9 football books to kick off the 2018 season

From Donald Trump and the defunct United States Football League to retrospectives on the Dallas Cowboys and New England Patriots, the 2018 football season offers some engaging reading. Here are excerpts from nine new releases.

1. ‘Football for a Buck: The Crazy Rise and Crazier Demise of the USFL,’ by Jeff Pearlman

As a high school English student, Jeff Pearlman was so smitten by the wacky United States Football League that he wrote a 40-page paper on its demise when the assignment only called for half as many pages. Since then the bestselling author has wanted to write a book about the last football league to challenge the mighty NFL but realized he first needed to solidify his writing credentials before taking an in-depth look at the USFL.

The league played three spring/summer seasons before folding, while fielding such superstars as Herschel Walker, Steve Young, and Reggie White. One team owner who gets a lot of attention is Donald Trump, who hoped to use the USFL as a steppingstone to the NFL, but instead became a central figure in a cautionary tale about the dangers of ego and excess.
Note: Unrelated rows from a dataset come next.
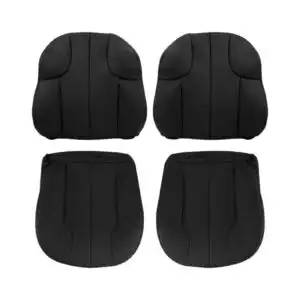 jeep grand cherokee leather 1999 2001 agate front driver and passenger top and bottom oem replacement seat cover2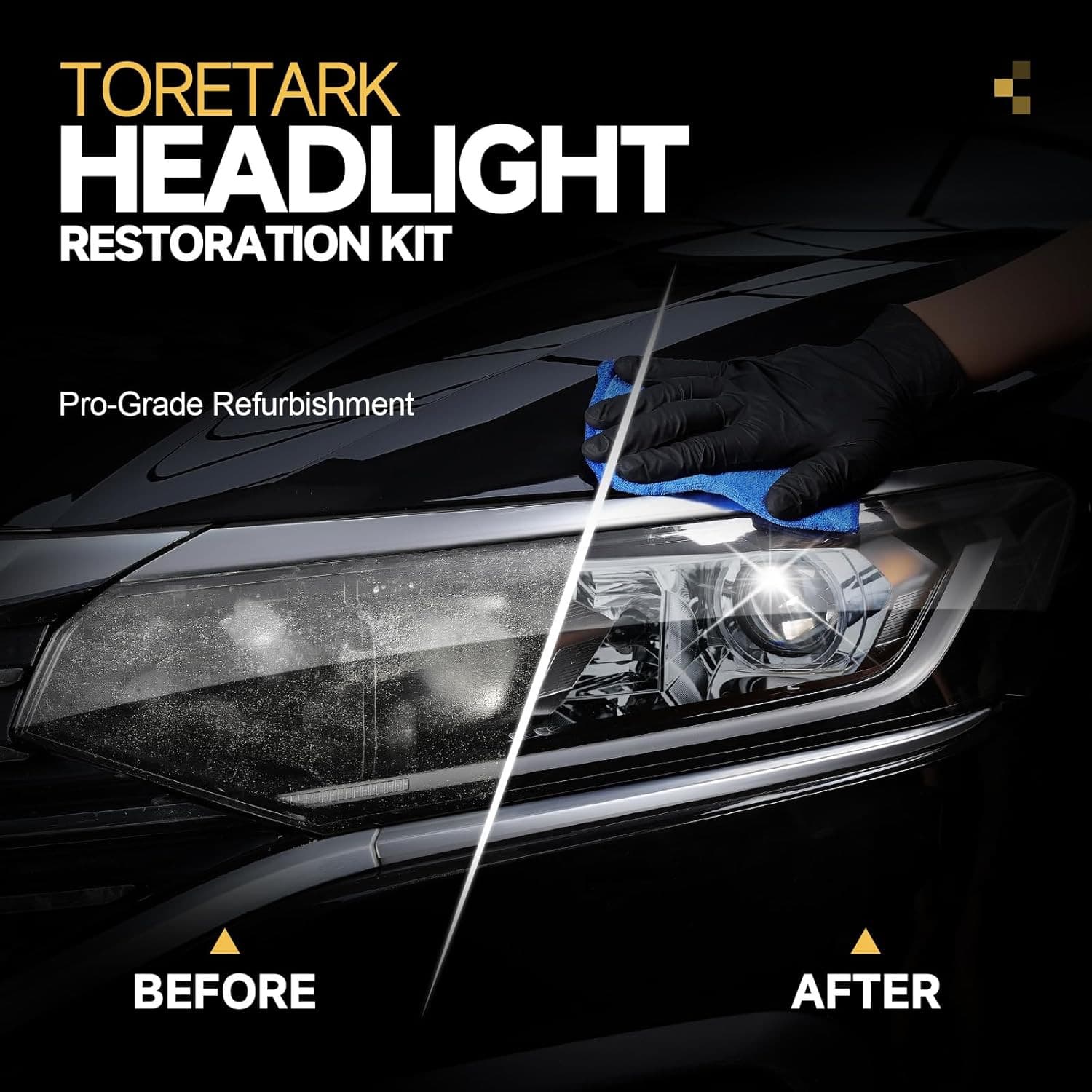 Headlight Restorer Headlight Restoration Kit No Sanding Required Repair of Resto 3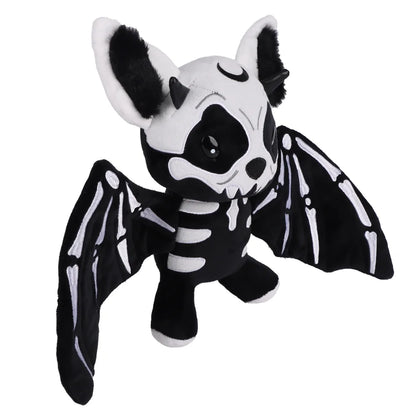28cm Halloween Two-color Skeleton Bat Plush Toy Stuffed Skeleton Animal Toys Cute Plushie Doll Home Decor Halloween Holiday Gift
Here’s an excerpt from Football for a Buck:

"For all his bluster about the USFL switching to a fall schedule, Donald Trump sure wasn’t big on details and specifics. Neither, for that matter, was Harry Usher, a lovely man with a thick resumé and glorious hair who appeared increasingly incapable of handling the tasks placed before him. Other than assuring journalists that – win or lose its lawsuit – the USFL would go on in the fall of 1986, Usher was a sprinkler lacking water. When he spoke, nobody seemed to listen. When he didn’t speak, people wondered if he ever opened his mouth. In July, he declared the USFL’s next season would likely include 12 teams, not 14. Which was a departure from Trump’s statement that the USFL should have 8 teams, not 12. There was talk of the Denver Gold moving to Honolulu, as well as the Denver Gold merging with the Portland Breakers. The Los Angeles Express were said to be headed to the San Fernando Valley – or the graveyard. The Tampa Bay Bandits and San Antonio Gunslingers were prepared to become one and relocate to … Chicago? Then, on July 23, the Gunslingers waived all 46 of their players because the owner, Clinton Manges, was broke. ‘I regret that the players were unpaid,’ Usher said meekly. ‘I hope that they are paid in the near future.’ They never were.”